C’est peu dire donc que le patron de l’Afp est un rouage essentiel dans l’actuel régime. Un compagnon résolu du président Macky Sall dans la voie de l’émergence.
Comment, alors, lui demander de cornaquer une bande de jeunes loups avides de pouvoir pour aller à l’assaut d’une citadelle au sein de laquelle il occupe une des tours les plus réputées, avec une vue imprenable sur l’avenir de ce pays auquel il a tout sacrifié ?
Comment lui demander de se renier, de se dédire, pour badigeonner de taches noires ces mouchoirs blancs qu’il se plaît à agiter, symboles de sa probité morale ? Car contrairement à ce qui se dit et s’écrit, la droiture est bien compatible avec la politique.
C’est lui faire un mauvais procès que de penser et de dire que Niasse est un « homme fini » qui « cherche à enterrer » ses jeunes lieutenants. Il suffit d’interroger son parcours et l’histoire de son parti pour se rendre compte que les privilèges de la politique n’ont jamais suffi à infléchir sa démarche. Il aurait pu sauver Diouf en 2000 et prendre sa revanche sur la direction du Parti socialiste qui l’a poussé à la porte et obligé à créer l’Afp.
Il aurait pu aussi contredire la volonté de changement du peuple en 2012 en plantant un couteau dans le dos de la « révolution citoyenne » qui a eu raison de Wade. Il est, heureusement, allé dans le sens de l’histoire en servant de pilier aux deux alternances sénégalaises.
Comment donc lui reprocher de préférer un poste, fut-il aussi prestigieux que la présidence de l’Assemblée nationale, à l’avenir de son parti ?
Qui plus que lui a contribué à faire de ce parti ce qu’il est devenu ? Le politicien se fait homme d’Etat quand il oublie ce qu’il fut pour épouser la Nation. La grande affaire de Niasse, c’est d’être digne de son destin. Celui d’un leader toujours résolu à épouser la cause du peuple et à combattre les pouvoirs corrompus.

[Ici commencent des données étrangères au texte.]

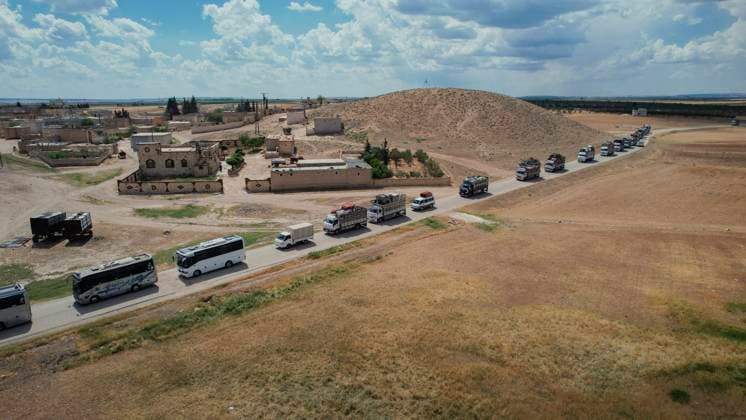 Bilder des Jahres 2025, News 05 Mai News Themen der Woche KW20 News Bilder des Tages Displaced Syrian Families Leave Jarabulus to Return to Homs A convoy of 60 displaced families depart Zoghara Camp in Jarabulus, Syria, on May 15, 2025, returning to their homes in Homs after years of displacement and hardship. The move is part of the Dignified Return campaign launched by the Basma and Zeitooneh Association a hopeful step toward reunification and long-awaited homecoming, despite ongoing challenges. Jarabulus Aleppo Syria Copyright: xHibatullahxBarakatx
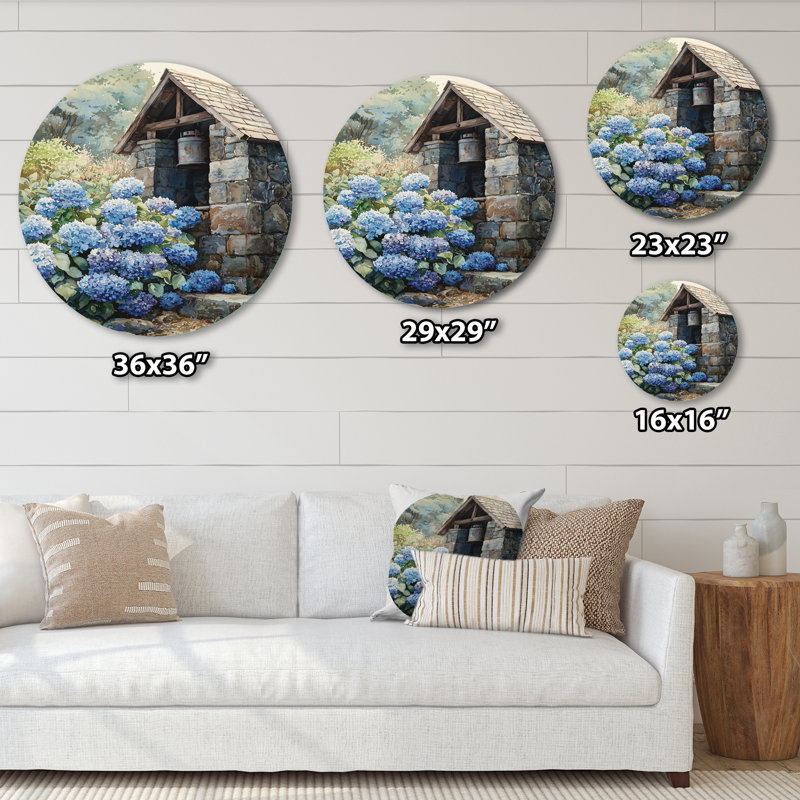 «Hydrangeas by the Farm Well II - Hydrangea», impression murale en métal bleu traditionnel, H 36 po x l 36 po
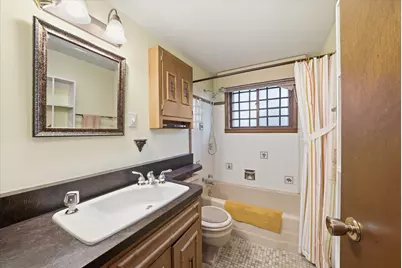 1010  Forest Ave, Sheboygan, WI 53081 - Photo 16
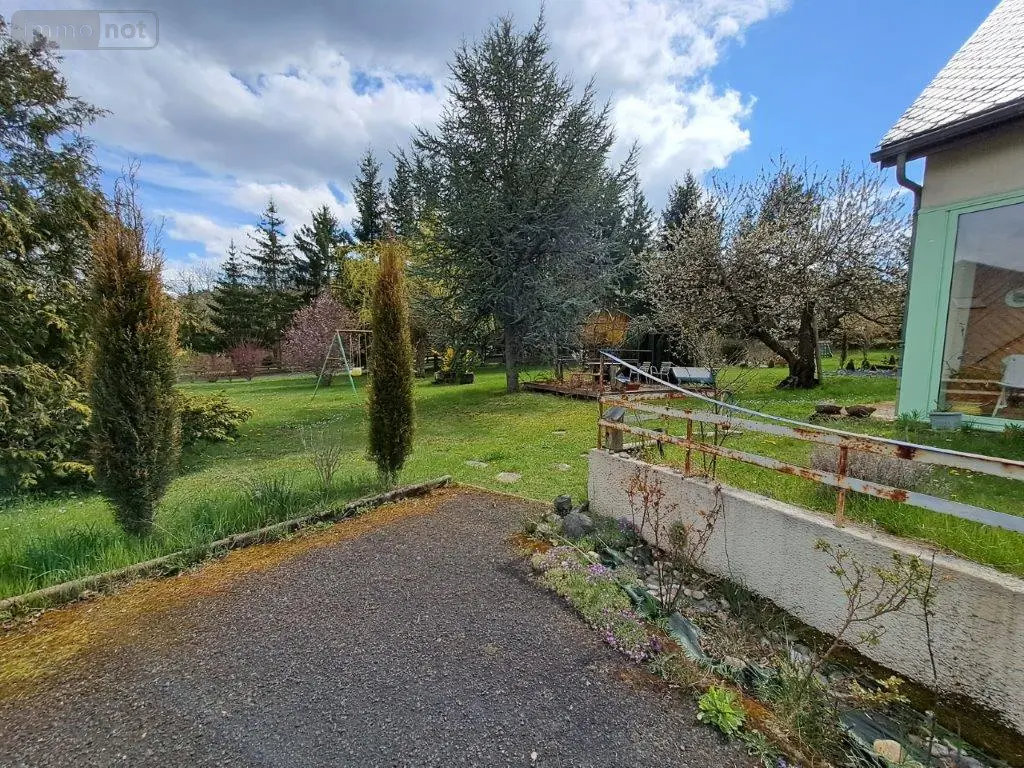 Maison a vendre Roffiac 15100 Cantal 15 190 m2 9 pièces 265000 euros 044/1248 002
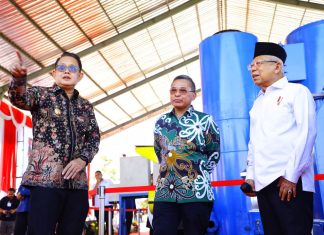 Dampingi Wapres Ma’ruf Amin Tinjau Pabrik Pengolahan Limbah B3 di PIER Pasuruan Dampingi Wapres Ma’ruf Amin Tinjau Pabrik Pengolahan Limbah B3 di PIER Pasuruan (foto : ist)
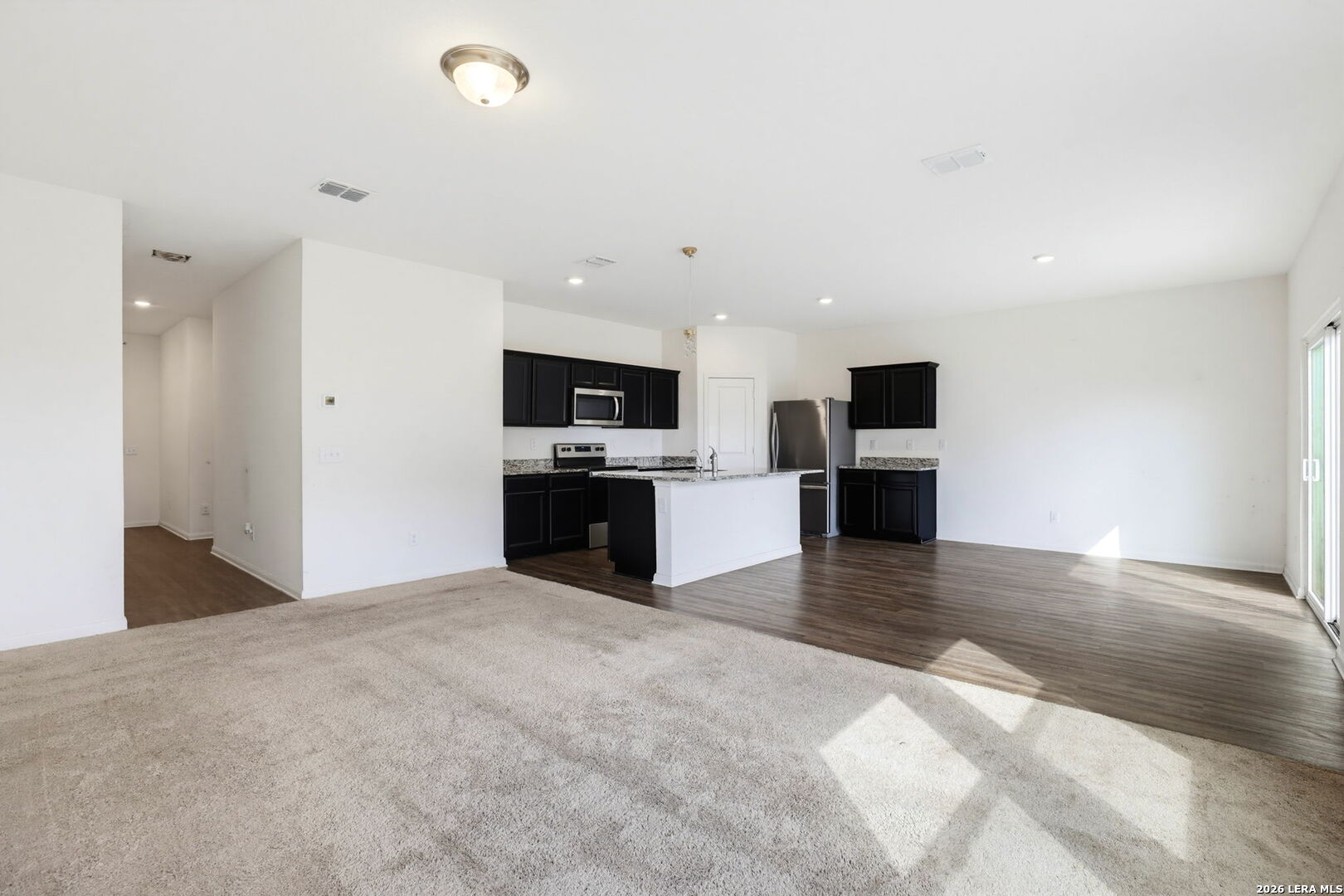 5406 Rue Girard Converse, TX 78109 - Photo 4 of 19 Gallery Image 4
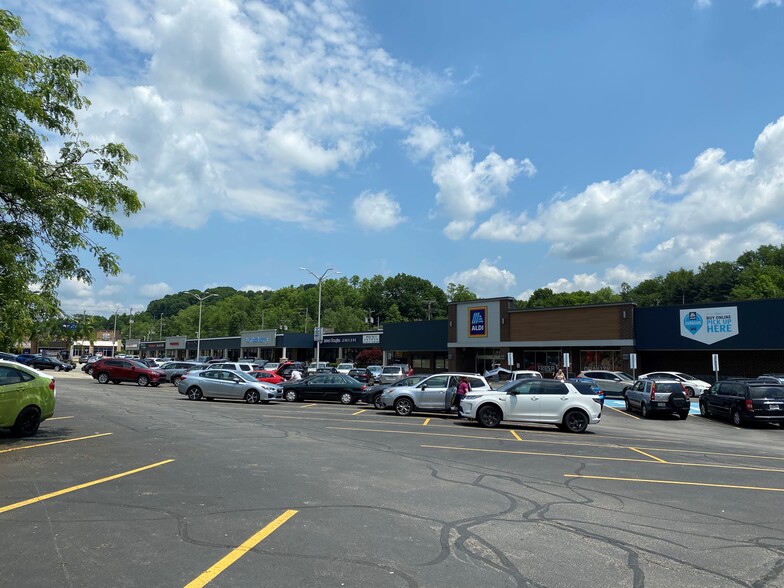 1768-1794 Golden Mile Hwy, Monroeville, PA for lease - Building Photo - Image 1 of 5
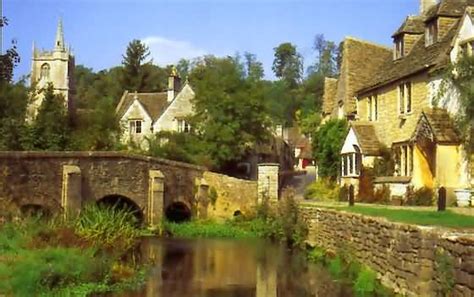 Castle Combe Tourist Information Guide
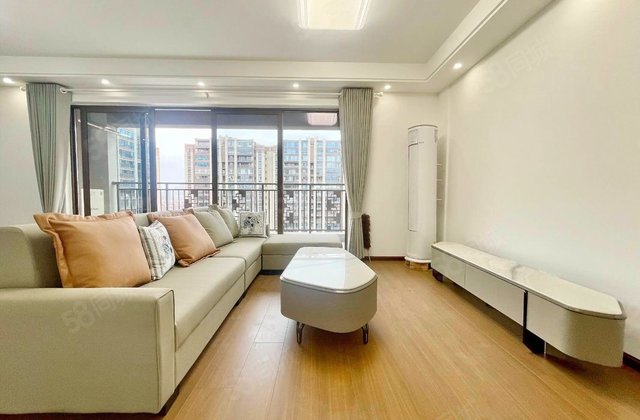 万科国宾润园4室2厅126.72㎡240万二手房图片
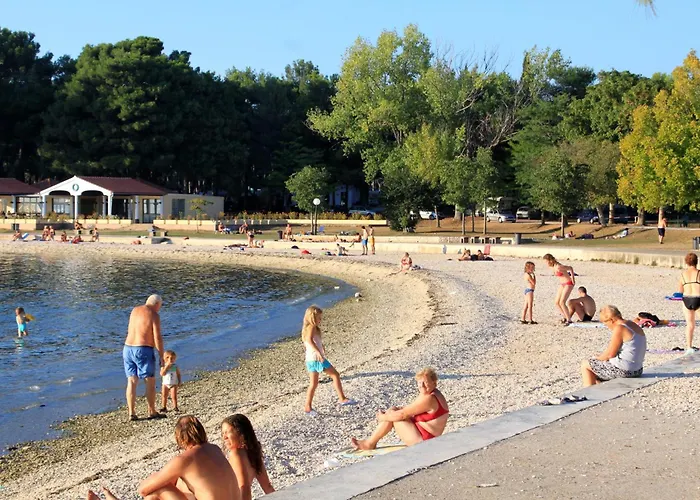 Apartamento With Parking Space Stinjan, - 22939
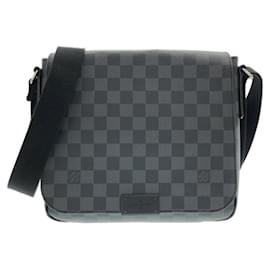 Borsa a tracolla Louis Vuitton Damier Graphite District PM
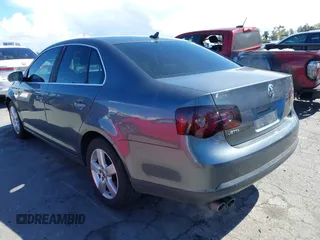 2008 Volkswagen Jetta SE with VIN 3VWRZ71K58M082108, listed as a IAAI auction lot 41799324 with 184,055 mi miles and . Bid and sale history available at DreamBid. Image 3.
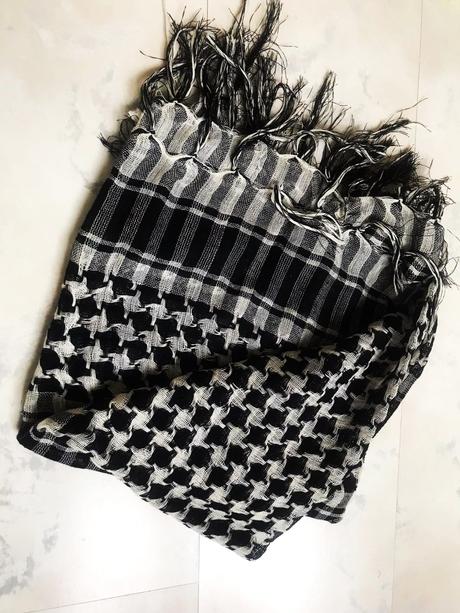 Maxi arafatka šatka, xxl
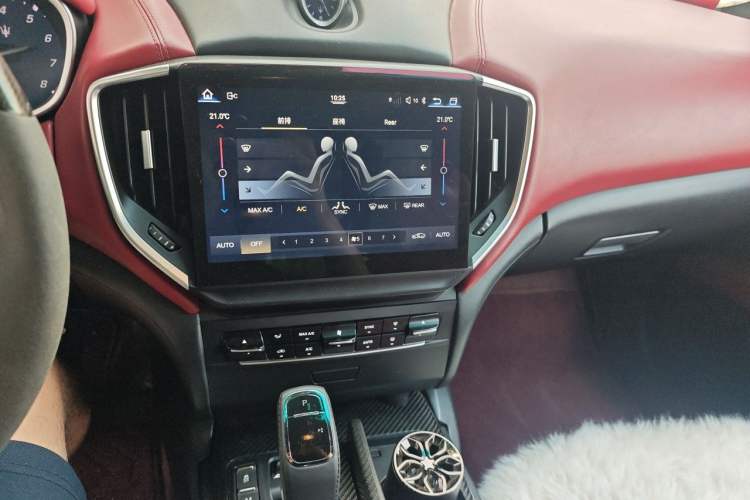 Used Maserati Ghibli 2014 3.0T Standard Edition Audio And AC Panel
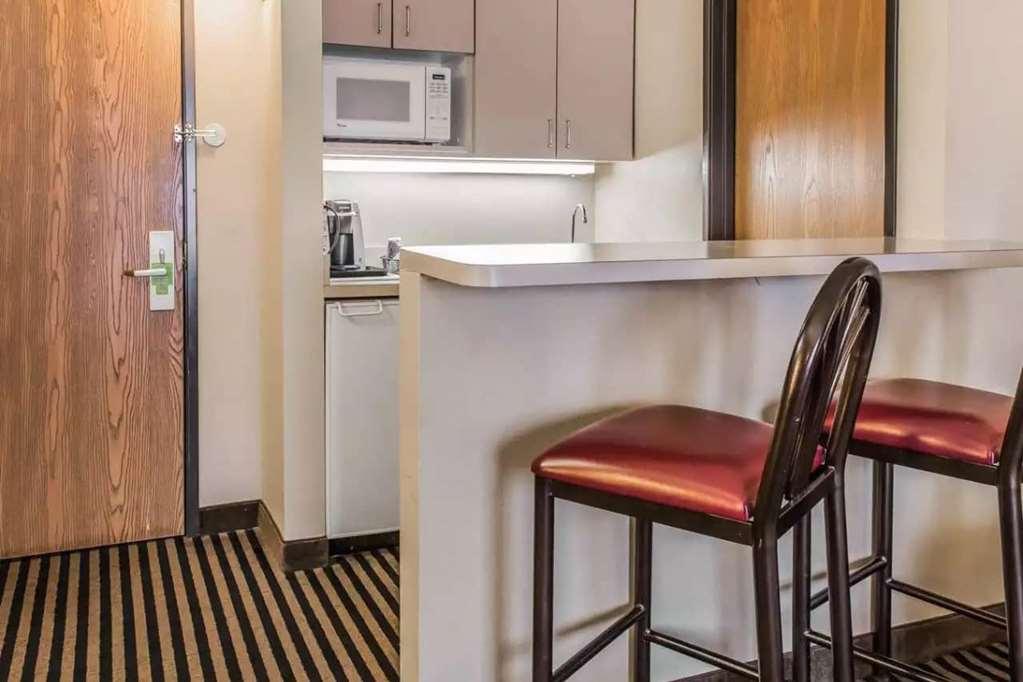 Wingate By Wyndham Pittsburgh Hotel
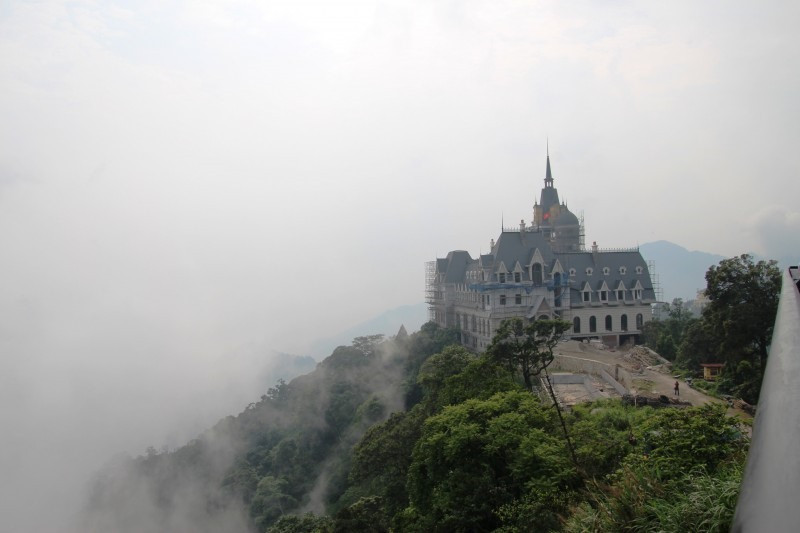  Tam Đảo không quá rộng, nhưng cũng đủ điểm du lịch hấp dẫn để khách thập phương thưởng ngoạn.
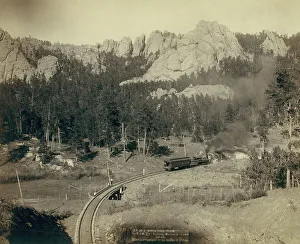 Grabill Prints: Horse Shoe Curve On B[urlington] and M[issouri River] R'y Buckhorn Mountains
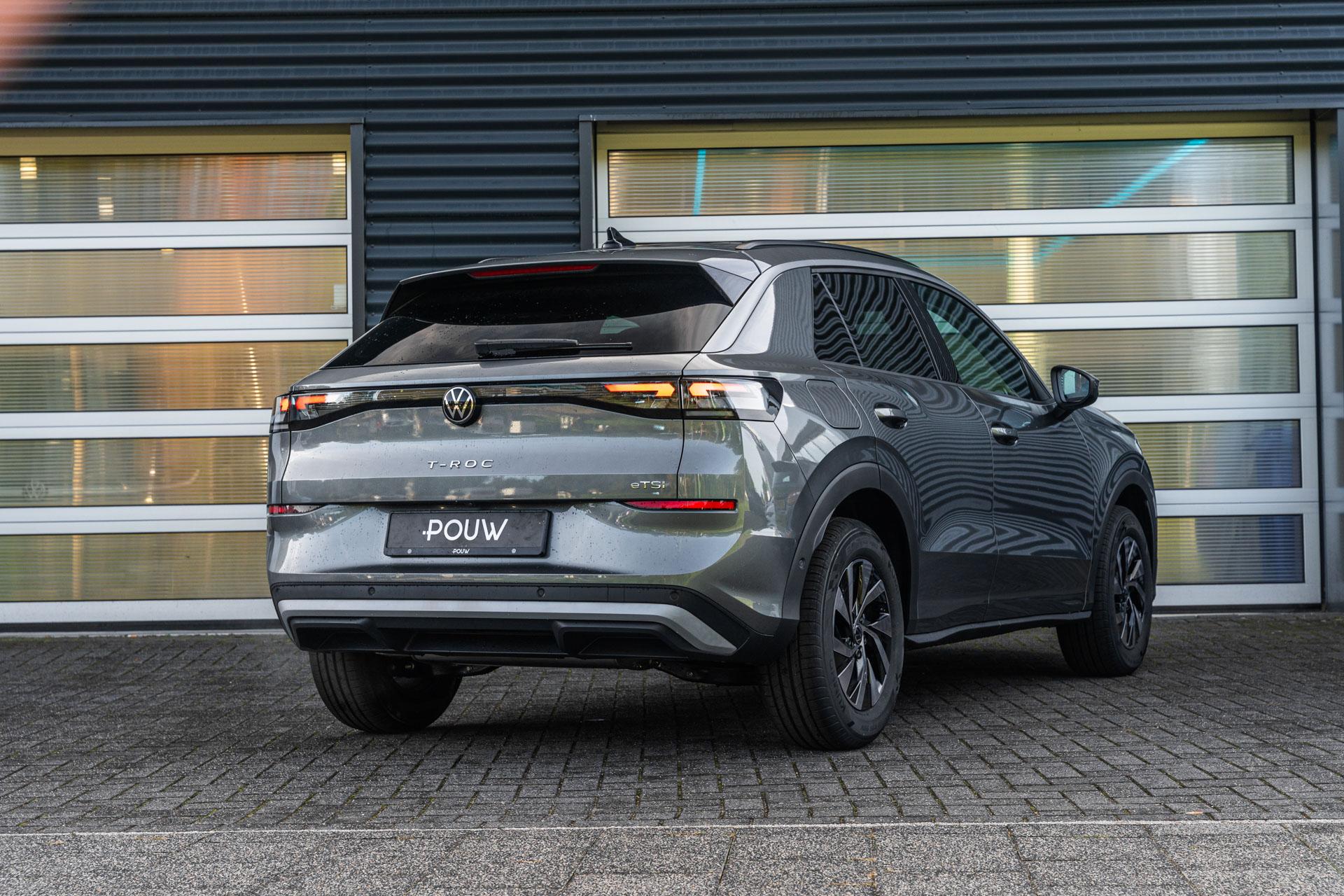Volkswagen T-Roc 1.5 eTsi 116pk DSG Limited Edition - Afbeelding 2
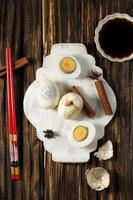 huevos de té chino, cha ye dan, huevos hervidos de té negro con especias foto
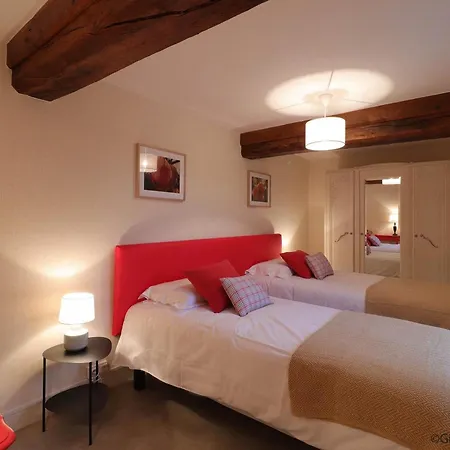Retraite Paisible En Maison Traditionnelle, 4 Chambres, Jardin Arbore, Cheminee Et Nature Luxuriante. - Fr-1-497-154 Holiday home Tinchebray-Bocage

Il aura 77 ans en 2017. Un âge tardif, peut-être, pour courir derrière les honneurs, mais idéal pour partager ses expériences et servir de guide. Le patron de l’Afp a compris que cette période difficile qui succède à la présidence pour le moins difficile de Me Wade, appelle un chef de guerre et un storytelling qui court, non pas sur un jour, comme voudrait l’imposer le tempo médiatique, mais sur la durée.
C’est la ligne claire de son compagnonnage avec le président Macky Sall. Pourquoi donc sortir de nulle part un de ces roulé-boulé dont les politiques ont le secret pour faire face à son allié en 2017 ?
C’est le trait obscur des contempteurs de Niasse dans son parti : brûler ce qu’on a adoré, briser les idoles qu’on a célébré. Au risque de perdre le combat de la confiance et de la crédibilité.